## Exercise aim
Search the material below for the word "Green" and copy every line in which it occurs.
>>>
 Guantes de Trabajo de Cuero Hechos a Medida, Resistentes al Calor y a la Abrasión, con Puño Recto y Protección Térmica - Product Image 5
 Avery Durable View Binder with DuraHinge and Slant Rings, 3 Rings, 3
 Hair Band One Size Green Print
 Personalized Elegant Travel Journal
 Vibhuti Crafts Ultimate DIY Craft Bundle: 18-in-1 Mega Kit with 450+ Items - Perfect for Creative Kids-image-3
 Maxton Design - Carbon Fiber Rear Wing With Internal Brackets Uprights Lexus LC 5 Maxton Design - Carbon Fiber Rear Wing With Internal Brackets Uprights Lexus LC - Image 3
<<<
>>>
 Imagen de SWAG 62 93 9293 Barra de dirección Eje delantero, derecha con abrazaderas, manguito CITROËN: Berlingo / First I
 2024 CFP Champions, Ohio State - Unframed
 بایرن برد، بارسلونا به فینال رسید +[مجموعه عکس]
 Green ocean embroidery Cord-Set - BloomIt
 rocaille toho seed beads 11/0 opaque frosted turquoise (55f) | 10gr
<<<
>>>
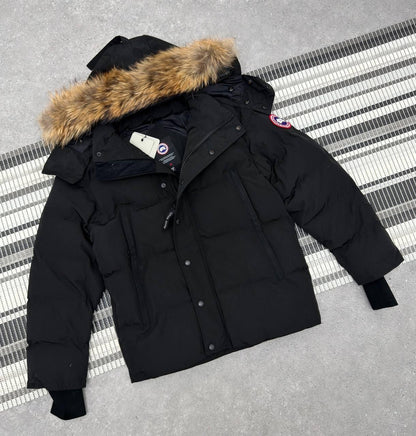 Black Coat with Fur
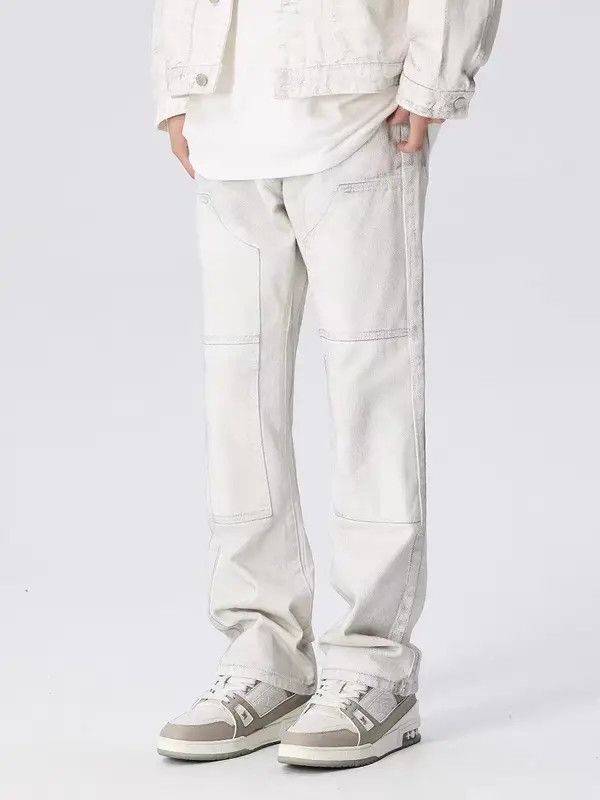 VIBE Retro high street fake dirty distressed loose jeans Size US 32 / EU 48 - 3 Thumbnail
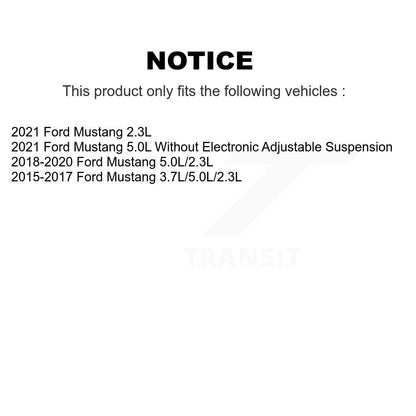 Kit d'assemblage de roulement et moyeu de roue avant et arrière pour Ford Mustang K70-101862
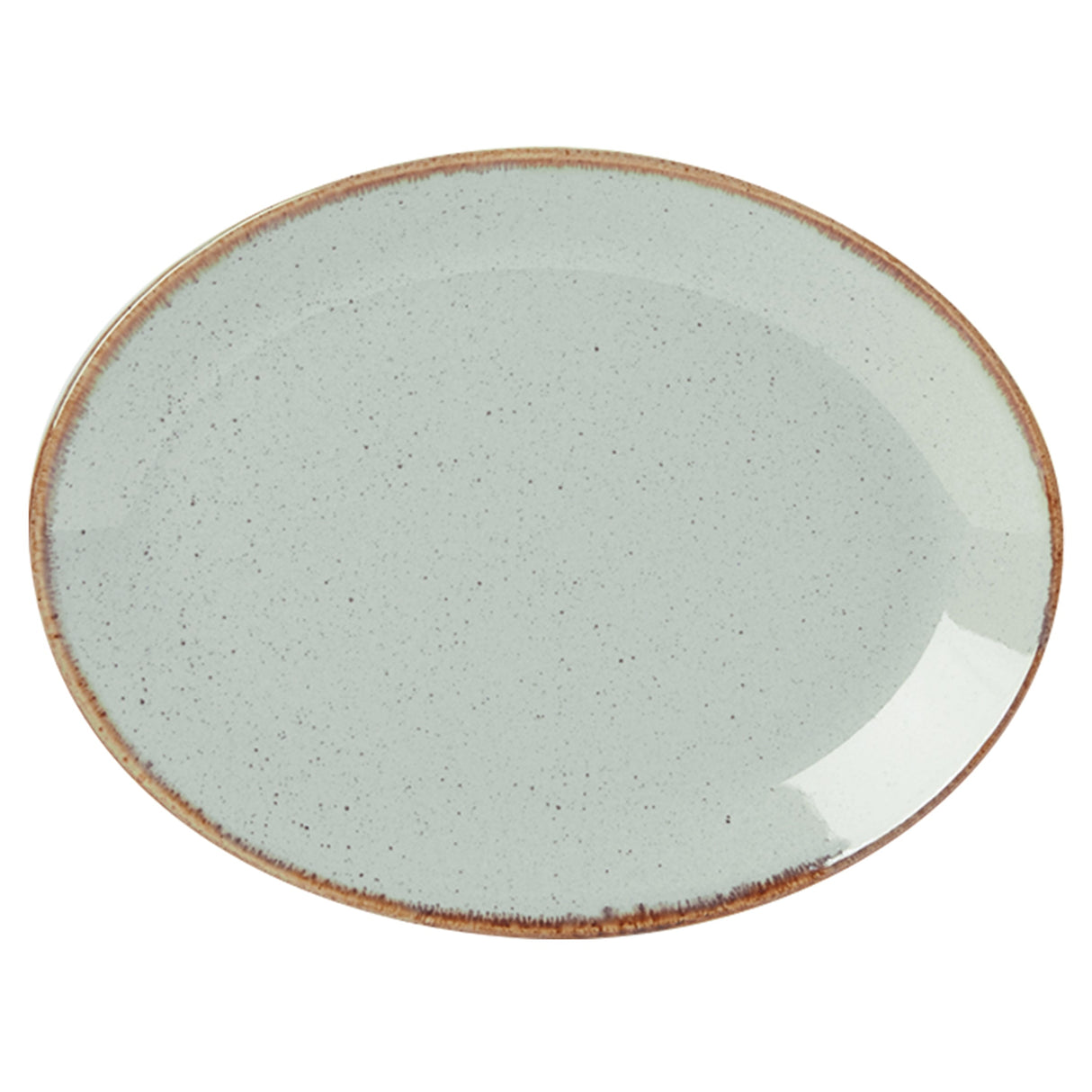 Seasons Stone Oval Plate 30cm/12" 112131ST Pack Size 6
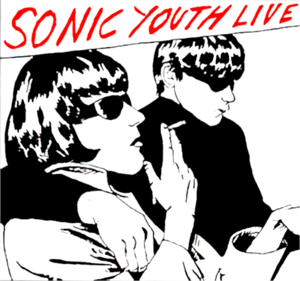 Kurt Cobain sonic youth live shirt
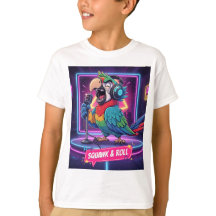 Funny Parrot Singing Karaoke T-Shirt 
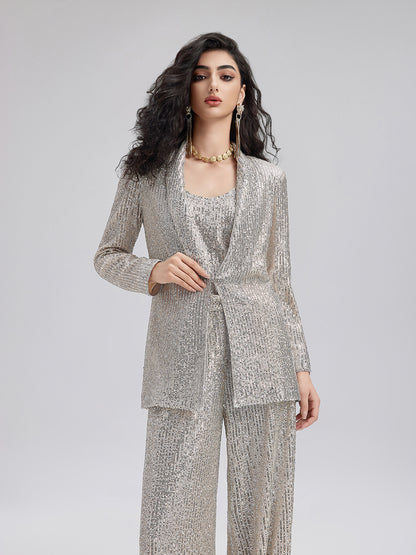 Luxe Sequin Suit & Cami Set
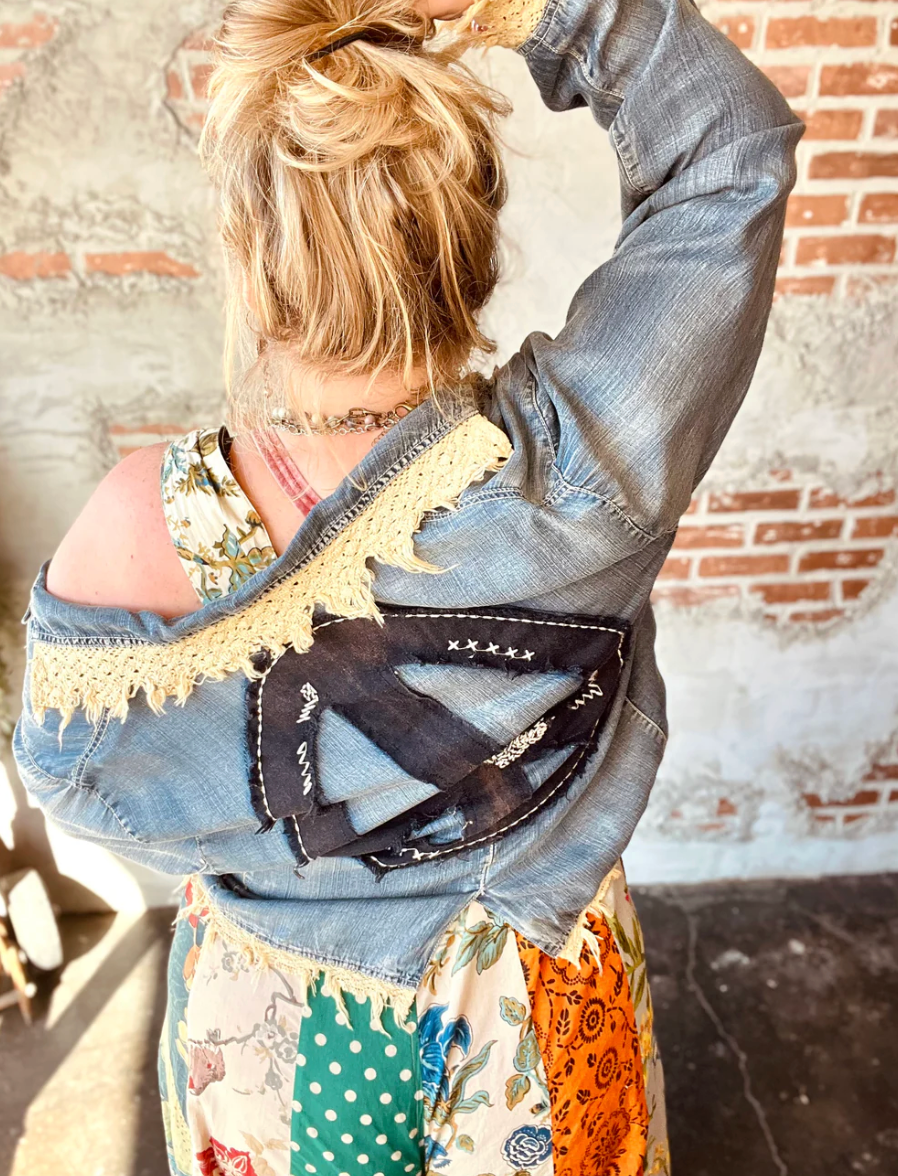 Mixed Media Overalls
<<<
## Your response
 Hair Band One Size Green Print
 Green ocean embroidery Cord-Set - BloomIt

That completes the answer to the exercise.